When people I meet learn I work from home, the common perception is that it's too easy to sleep in, or watch TV all day. The reality is the exact opposite.
Since 2005, I've worked from home as a full-stack web developer building some quite complicated sites. Imagine the following scenario.
You're half way through a 2 week project. It's turned out to be a larger job than you anticipated and you're stuck on a PHP problem that's taken up your whole day. You're starting to worry about missing your delivery date. Another client just emailed you requesting urgent changes to their site which will take you a day or so. They are expecting a call back. Several sites you manage need updates applied and there's at least a dozen unanswered emails in your inbox.
Your wife pops her head in your office. "Dinner's ready." (she's awesome). Is it that time already?!
There's no drive home. No soothing train ride. No winding down.
With a frazzled head still in work mode, it's a 30 second walk to the dining room. Through dinner all you can think about is your looming deadlines and all the work silently calling out to you from a few rooms away.
There's no time for TV or relaxing for you, Mr. I Work From Home.
If you're committed to your freelance business - and you should be - switching off is VERY hard when work is in the next room.
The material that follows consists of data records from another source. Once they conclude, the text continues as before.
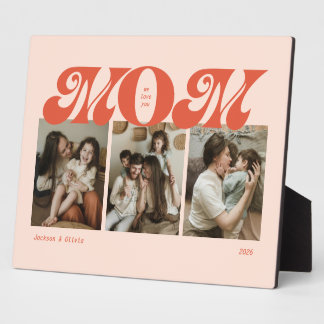 Orange Retro Bold Mom 3 Photo Collage Plaque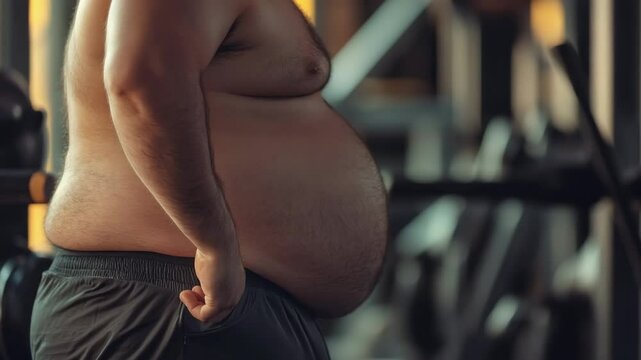 Overweight man shirtless with large belly and body fat standing in gym casual fitness environment highlighting health lifestyle and gym workout background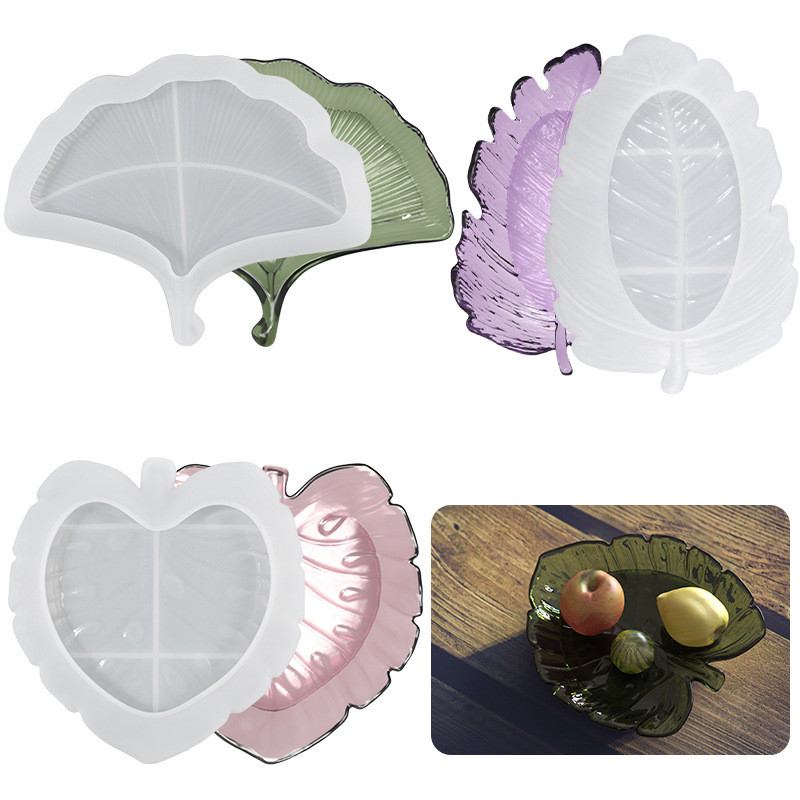 

DIY Crystal Dropping Gel Mold Leaf Plate Nut Storage Plate Silicone Mold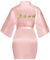 Lovasy Vestaglia Damigella Bride Bianca in Raso da Donna,Accappatoi e Vestaglia da Sposa Camicia da Notte in Pizzo Satin Sexy Pigiama Kimono Scollo V,Damigelle- rosa,S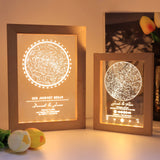 Customized Star Chart - Wooden Framed Acrylic Night Light, Plaque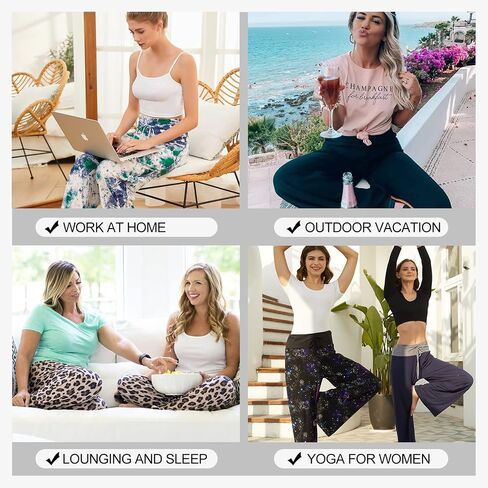 Women's High Waisted Wide Leg Yoga Pants - Comfy Loose Lounge Pajama Pants with Drawstring and Pockets in Saudi Arabia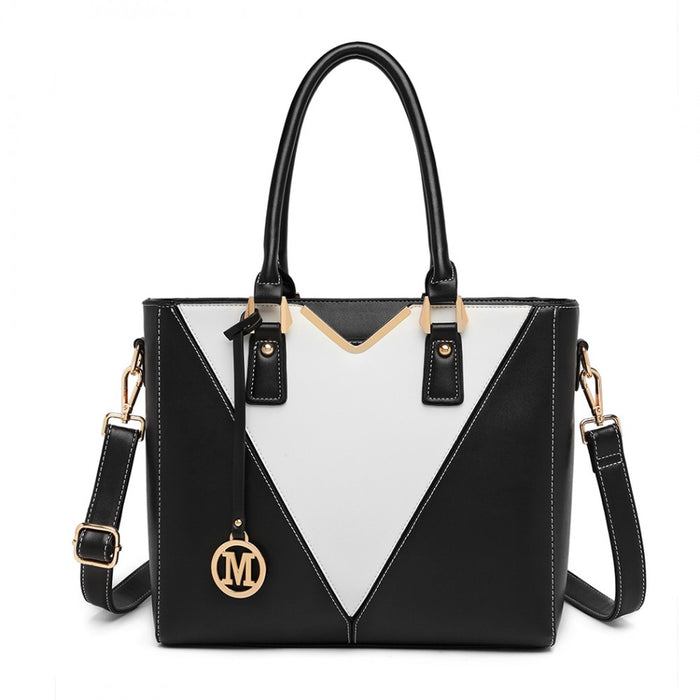 PU Leather V-Shape Shoulder Handbag – Black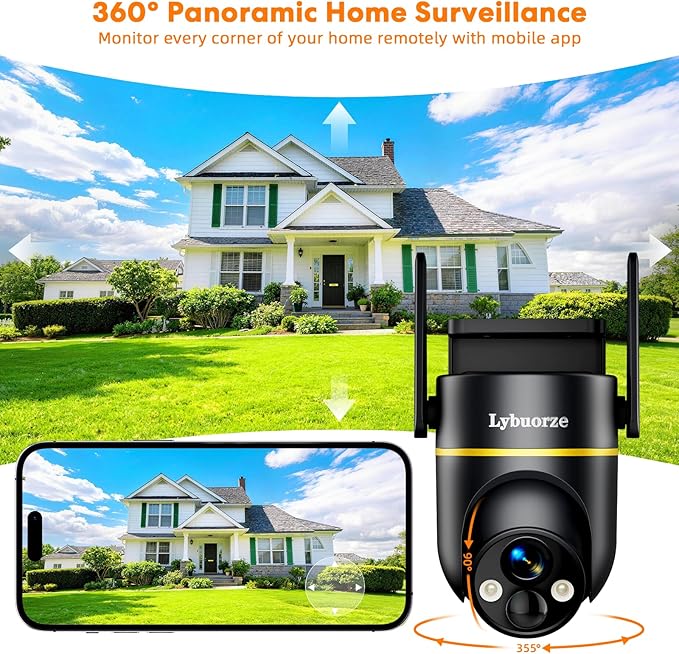 5G&2.4GHz 4MP Solar Security Camera Wireless Outdoor, 100% Wire-Free Home Security Camera w/ WiFi 6, Battery Powered Outdoor Camera, 360° PTZ, Color Night Vision, AI Motion Detection, IP65 Waterproof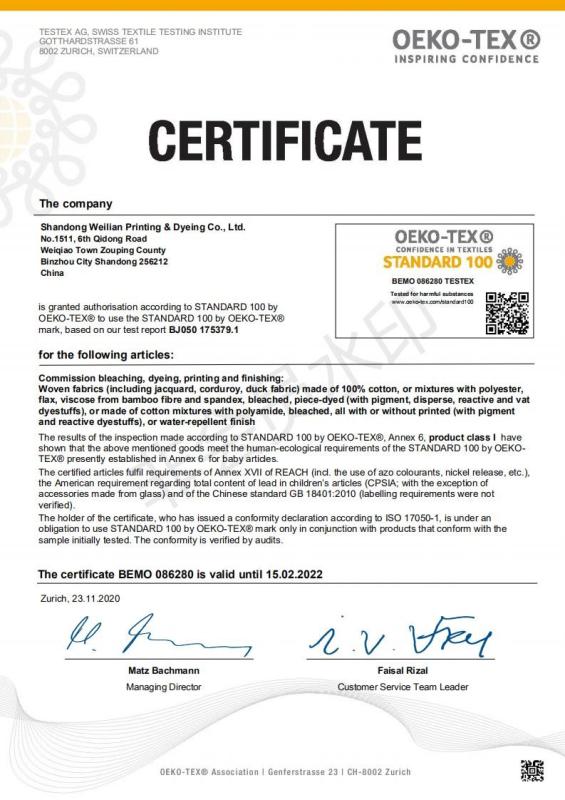 OEKO-TEX 100 CERTIFICATE - shanghai fartex imp. & exp. co., ltd.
That's why I often tell people working from home is the same as living at work.
Two things to do to combat this.
Unless you have an urgent task pending, try to finish by 5:00pm every night and get some exercise. A 30 minute session between work and family time makes an incredible difference to your frame of mind. Without it, I'm in work mode all night and can't focus on anything else.
Turn off your work phone and avoid email from Friday night to Monday morning. Clients will email you and call you at all times. You've got no idea. If you happen to see an email on Saturday morning requiring your attention you'll find it hard to think about anything else until you've attended to it. The reality is, it can wait to Monday and your client will understand.